Tokyo. Jardin de Koishikawa Korakuen. La rizière est protégée  de l'appétit des oiseaux par des filets et des épouvantails.
Tokyo. Jardin de Koishikawa Korakuen. La rizière est protégée de l’appétit des oiseaux par des filets et des épouvantails.

On peut s’étonner de voir une rizière en ces lieux, mais Mitsukuni voulait faire comprendre à l’épouse de son fils le dur labeur des paysans. Aujourd’hui, ce travail est confié aux écoliers du quartier Bunkiyo-ku qui repiquent les plants en mai et récoltent le riz en octobre pour préserver la tradition.

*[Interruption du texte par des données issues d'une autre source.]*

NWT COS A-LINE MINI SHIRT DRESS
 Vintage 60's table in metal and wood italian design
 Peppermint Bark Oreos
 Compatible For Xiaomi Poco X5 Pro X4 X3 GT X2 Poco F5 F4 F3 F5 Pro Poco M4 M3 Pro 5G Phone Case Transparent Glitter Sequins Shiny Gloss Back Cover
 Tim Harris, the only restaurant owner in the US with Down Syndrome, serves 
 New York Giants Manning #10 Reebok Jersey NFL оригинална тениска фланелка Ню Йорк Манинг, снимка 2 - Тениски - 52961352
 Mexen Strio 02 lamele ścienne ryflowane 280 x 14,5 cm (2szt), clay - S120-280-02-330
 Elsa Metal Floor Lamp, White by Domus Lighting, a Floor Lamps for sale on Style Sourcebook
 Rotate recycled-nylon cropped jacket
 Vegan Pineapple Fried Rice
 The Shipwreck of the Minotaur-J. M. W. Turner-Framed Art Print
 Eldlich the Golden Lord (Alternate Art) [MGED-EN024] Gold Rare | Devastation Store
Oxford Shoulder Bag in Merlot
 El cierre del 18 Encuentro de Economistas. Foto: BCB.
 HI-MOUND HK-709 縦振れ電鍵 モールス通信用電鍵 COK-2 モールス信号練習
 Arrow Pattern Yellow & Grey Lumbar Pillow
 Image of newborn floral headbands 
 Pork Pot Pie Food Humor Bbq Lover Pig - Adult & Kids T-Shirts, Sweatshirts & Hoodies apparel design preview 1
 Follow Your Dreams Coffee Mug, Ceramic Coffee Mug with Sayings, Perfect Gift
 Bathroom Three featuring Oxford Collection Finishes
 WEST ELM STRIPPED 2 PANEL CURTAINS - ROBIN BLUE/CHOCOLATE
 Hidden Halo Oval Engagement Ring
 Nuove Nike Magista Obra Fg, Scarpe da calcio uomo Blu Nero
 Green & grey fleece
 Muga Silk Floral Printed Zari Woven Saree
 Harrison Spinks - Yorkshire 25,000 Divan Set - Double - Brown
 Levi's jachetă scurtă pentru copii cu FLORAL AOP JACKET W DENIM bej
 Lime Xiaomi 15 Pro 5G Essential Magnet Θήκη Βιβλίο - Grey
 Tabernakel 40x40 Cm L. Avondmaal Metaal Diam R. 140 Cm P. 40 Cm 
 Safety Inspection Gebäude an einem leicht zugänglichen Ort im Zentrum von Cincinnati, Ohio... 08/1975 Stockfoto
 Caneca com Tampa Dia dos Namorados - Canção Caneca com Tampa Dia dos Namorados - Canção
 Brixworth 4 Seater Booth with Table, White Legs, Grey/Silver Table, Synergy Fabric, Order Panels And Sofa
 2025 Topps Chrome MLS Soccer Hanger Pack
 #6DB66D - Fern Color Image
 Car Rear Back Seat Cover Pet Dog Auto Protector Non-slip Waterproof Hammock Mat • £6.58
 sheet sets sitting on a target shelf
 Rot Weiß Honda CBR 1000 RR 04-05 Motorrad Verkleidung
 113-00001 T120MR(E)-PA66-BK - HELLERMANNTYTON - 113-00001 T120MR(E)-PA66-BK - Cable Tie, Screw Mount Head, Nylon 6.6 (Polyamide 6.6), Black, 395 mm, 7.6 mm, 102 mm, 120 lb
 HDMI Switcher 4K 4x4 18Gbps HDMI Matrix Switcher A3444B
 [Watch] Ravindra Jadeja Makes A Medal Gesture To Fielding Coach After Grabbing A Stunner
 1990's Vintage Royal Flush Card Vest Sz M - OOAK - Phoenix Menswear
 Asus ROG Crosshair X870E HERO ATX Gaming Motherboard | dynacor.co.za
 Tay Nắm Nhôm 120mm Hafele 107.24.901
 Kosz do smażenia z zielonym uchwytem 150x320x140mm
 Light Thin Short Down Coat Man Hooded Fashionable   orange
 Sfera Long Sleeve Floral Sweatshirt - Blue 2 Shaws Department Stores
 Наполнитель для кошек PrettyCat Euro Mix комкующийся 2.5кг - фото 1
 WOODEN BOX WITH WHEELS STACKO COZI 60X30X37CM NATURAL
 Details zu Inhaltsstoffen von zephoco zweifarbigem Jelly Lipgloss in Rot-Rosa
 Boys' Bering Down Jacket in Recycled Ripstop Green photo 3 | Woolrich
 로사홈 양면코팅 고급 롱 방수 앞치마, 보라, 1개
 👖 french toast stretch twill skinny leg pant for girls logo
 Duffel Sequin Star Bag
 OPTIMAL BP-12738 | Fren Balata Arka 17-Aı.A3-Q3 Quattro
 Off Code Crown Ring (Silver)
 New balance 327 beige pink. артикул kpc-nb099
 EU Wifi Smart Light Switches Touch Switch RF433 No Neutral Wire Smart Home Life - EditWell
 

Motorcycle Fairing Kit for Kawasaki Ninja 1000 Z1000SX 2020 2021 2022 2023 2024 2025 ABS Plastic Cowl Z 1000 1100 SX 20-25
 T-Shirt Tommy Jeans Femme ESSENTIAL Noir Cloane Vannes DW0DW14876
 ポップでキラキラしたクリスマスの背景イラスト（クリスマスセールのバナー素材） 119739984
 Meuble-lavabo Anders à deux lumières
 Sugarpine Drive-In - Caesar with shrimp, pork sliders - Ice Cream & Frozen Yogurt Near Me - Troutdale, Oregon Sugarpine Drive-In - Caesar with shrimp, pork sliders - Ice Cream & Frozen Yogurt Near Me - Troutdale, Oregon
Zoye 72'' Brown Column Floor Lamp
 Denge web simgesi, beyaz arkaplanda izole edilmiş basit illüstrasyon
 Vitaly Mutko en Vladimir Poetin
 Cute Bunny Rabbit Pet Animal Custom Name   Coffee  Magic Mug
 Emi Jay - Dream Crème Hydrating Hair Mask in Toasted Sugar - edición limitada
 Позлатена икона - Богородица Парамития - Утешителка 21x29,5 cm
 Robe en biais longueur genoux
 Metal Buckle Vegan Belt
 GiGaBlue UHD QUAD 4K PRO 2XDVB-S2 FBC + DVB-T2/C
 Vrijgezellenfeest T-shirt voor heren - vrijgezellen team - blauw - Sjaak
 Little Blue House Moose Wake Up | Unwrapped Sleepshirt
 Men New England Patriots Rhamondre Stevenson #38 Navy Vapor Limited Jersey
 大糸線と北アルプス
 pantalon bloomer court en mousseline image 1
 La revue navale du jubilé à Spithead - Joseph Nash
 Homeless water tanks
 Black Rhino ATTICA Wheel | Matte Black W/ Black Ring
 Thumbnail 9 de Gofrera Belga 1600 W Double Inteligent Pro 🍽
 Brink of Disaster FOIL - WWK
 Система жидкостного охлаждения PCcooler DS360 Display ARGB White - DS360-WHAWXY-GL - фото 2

Tokyo. Jardin de Koishikawa Korakuen. les chutes d'eau sont conçues pour s'intégrer de manière naturelle dans le paysage.
Tokyo. Jardin de Koishikawa Korakuen. Les chutes d’eau sont conçues pour s’intégrer de manière naturelle dans le paysage.

Le jardin de Koishikawa Korakuen illustre les principes traditionnels de la conception des jardins japonais, où chaque élément est soigneusement choisi pour créer un équilibre harmonieux avec la nature. L’esthétique wabi-sabi est également présente, avec une appréciation de la beauté des imperfections et de l’éphémère. Les pierres qui entourent l’étang ou tapissent les allées apportent une dimension de profondeur et de solidité au paysage. Elles ne sont pas simplement décoratives ; elles symbolisent la permanence et la force. Contrairement aux plantes, qui changent au fil des saisons, les pierres restent inchangées. Elles incarnent la stabilité et la durabilité, rappelant aux visiteurs la continuité de la nature et du temps. Lorsqu’elles sont réfléchies dans l’eau, elles créent des illusions de profondeur et des perspectives intéressantes en orientant le regard. Ce qui ajoute une dimension visuelle dynamique, invitant à la contemplation et à la découverte des différentes facettes du jardin.

Tokyo. Un vieux pin soutenu par de nombreux étais dans le jardin de Koishikawa Korakuen.
Tokyo. Un vieux pin soutenu par de nombreux étais dans le jardin de Koishikawa Korakuen.

Les pins sont souvent taillés en nuage, ou niwaki. Cette taille permet de dégager l’architecture du tronc et des branches principales. Elle consiste à former des plateaux en concentrant la végétation à certains endroits, notamment à l’extrémité des branches. Les pins sont appréciés pour leur grâce et symbolisent également des valeurs profondes de résilience, de longévité et d’harmonie avec la nature. Ils ajoutent à la beauté et à l’atmosphère méditative du jardin.

Notons que ce jardin a été désigné Site historique de première catégorie et Site d’exception dans le cadre de la loi pour la préservation du patrimoine culturel. Ce double classement est accordé seulement à quelques monuments majeurs comme le Pavillon d’or à Kyoto.